Si dice che la salvia bianca possa sbiancare i denti, ma cosa c’è di vero in questa notizia? In realtà stiamo parlando di una pianta che effettivamente ha mille proprietà ed è un’ottima alleata proprio del nostro sorriso. Quest’ultimo, come tutti sappiamo è il nostro biglietto da visita e su questo non sembrano esserci dubbi. Sicuramente in commercio esistono tanti prodotti che possono aiutarci ad avere un sorriso impeccabile, ma esistono anche tanti rimedi naturali. Tra questi citiamo proprio la salvia. Ma è vero che questa sbianca i denti? Vediamo qui di seguito di rispondere a questo quesito molto interessante.
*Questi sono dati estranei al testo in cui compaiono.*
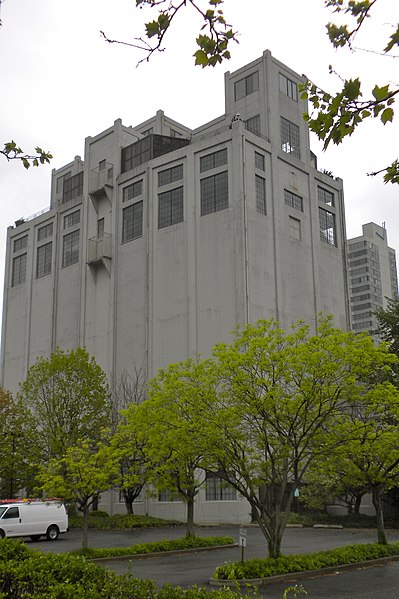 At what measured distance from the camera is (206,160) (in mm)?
53031

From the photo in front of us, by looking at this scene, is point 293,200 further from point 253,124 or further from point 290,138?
point 253,124

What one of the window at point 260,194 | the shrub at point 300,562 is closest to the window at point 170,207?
the window at point 260,194

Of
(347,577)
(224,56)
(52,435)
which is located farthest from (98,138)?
(224,56)

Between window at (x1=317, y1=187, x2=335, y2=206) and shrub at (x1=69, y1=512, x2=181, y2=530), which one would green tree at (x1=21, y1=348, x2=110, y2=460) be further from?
window at (x1=317, y1=187, x2=335, y2=206)

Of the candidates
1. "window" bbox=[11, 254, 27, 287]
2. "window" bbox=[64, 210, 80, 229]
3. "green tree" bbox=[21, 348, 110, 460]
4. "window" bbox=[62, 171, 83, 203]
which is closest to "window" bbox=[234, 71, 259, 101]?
"window" bbox=[62, 171, 83, 203]

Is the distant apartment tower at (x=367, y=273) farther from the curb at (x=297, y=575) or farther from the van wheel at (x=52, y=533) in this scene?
the curb at (x=297, y=575)

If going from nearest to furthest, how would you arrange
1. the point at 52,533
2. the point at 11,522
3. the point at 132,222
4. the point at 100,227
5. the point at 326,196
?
the point at 11,522, the point at 52,533, the point at 132,222, the point at 326,196, the point at 100,227

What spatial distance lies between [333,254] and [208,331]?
15.8 meters

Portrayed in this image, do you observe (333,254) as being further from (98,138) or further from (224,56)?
(224,56)

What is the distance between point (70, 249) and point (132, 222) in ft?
28.7

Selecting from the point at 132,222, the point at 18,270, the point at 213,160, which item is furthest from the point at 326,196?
the point at 18,270

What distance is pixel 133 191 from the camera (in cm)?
5781

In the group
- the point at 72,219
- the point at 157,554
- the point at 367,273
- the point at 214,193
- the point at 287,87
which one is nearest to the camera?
the point at 157,554

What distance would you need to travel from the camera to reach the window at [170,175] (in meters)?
54.4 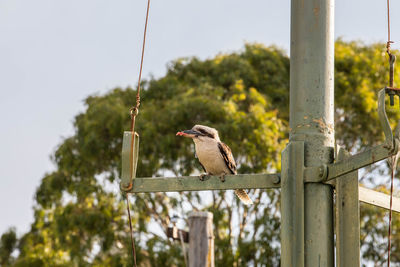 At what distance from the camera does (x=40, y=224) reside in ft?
68.8

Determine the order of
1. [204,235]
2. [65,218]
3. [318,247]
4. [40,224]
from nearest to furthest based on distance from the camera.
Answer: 1. [318,247]
2. [204,235]
3. [65,218]
4. [40,224]

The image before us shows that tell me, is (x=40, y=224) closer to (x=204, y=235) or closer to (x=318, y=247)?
(x=204, y=235)

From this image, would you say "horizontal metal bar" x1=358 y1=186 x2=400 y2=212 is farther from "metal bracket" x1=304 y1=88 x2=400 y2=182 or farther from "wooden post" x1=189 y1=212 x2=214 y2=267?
"wooden post" x1=189 y1=212 x2=214 y2=267

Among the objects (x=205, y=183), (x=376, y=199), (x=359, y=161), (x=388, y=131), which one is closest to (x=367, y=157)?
(x=359, y=161)

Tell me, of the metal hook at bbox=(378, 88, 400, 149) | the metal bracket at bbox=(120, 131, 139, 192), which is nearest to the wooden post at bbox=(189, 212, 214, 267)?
the metal bracket at bbox=(120, 131, 139, 192)

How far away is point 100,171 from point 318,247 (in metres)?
15.2

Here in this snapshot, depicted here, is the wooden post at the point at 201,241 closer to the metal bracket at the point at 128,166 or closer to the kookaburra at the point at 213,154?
the kookaburra at the point at 213,154

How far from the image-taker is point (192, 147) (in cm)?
1680

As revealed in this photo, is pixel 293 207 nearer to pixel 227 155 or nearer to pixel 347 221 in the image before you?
pixel 347 221

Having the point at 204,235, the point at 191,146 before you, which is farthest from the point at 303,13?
the point at 191,146

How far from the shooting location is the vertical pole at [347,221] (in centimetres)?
318

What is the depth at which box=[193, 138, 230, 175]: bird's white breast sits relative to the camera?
6008mm

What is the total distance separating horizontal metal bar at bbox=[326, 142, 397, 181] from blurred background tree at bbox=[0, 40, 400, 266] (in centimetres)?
1282

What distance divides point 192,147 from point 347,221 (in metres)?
13.6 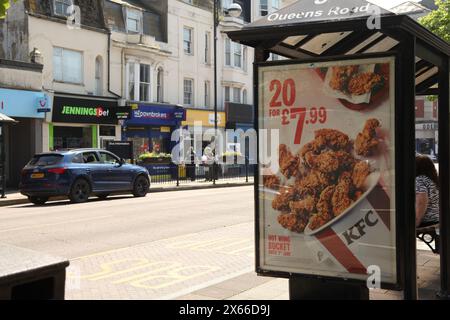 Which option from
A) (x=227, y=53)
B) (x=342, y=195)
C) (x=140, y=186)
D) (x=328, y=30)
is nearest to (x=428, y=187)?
(x=342, y=195)

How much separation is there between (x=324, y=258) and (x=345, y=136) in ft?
3.34

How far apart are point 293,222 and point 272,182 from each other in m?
0.38

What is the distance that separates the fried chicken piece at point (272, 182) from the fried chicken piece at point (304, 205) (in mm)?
196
La salvia bianca sbianca i denti?

Parliamo di una pianta che fa parte della famiglia delle Lamiaceae. Sembra che in realtà faccia davvero molto bene ai denti. Non è di certo una cosa rara il fatto che questa pianta venga utilizzata per produrre i dentifrici. Ebbene si, potremmo con certezza dirvi che la salvia fa proprio bene ai denti ed al nostro sorriso. Strofinando qualche foglia di salvia, che è tra l’altro molto ruvida, sui denti, c’è la possibilità di poter eliminare i depositi di placca. Prestiamo però un pò di attenzione, visto che non bisogna esagerare. E’ vero che la salvia sbianca i denti, ma è vero che a lungo andare queste foglie potrebbero svolgere un’azione abrasiva che può andare a rovinare lo smalto dei nostri denti.

Azione sbiancante della salvia, a cosa è dovuta?

Sembrerebbe che questa pianta abbia questa azione sbiancante grazie ai sali minerali a base di magnesio, calcio, Ferro, sodio e potassio contenuti all’interno delle foglie. Quest’ultime contengono anche degli oli essenziali che possono aiutare questa azione sbiancante a livello chimico. A quanto pare però la salvia bianca non ha soltanto questo potere sui denti, ma apporterebbe anche tanti altri benefici.

I benefici della salvia sui nostri denti

Come abbiamo avuto modo di anticipare, sembrerebbe quindi che la salvia abbia altri benefici sui nostri denti. Innanzitutto una grande azione rinfrescante ed è quindi ideale per combattere l’alitosi. Inoltre, sembrerebbe che questa pianta sia molto importante anche per combattere alcune infiammazioni come le gengiviti, le afte e la malattia paradontale. Tuttavia, come abbiamo avuto modo già di vedere è importante non esagerare e non abusare perché a lungo andare questo utilizzo della pianta potrebbe andare a danneggiare lo smalto dei denti e compromettere anche la dentina ovvero il colletto gengivale.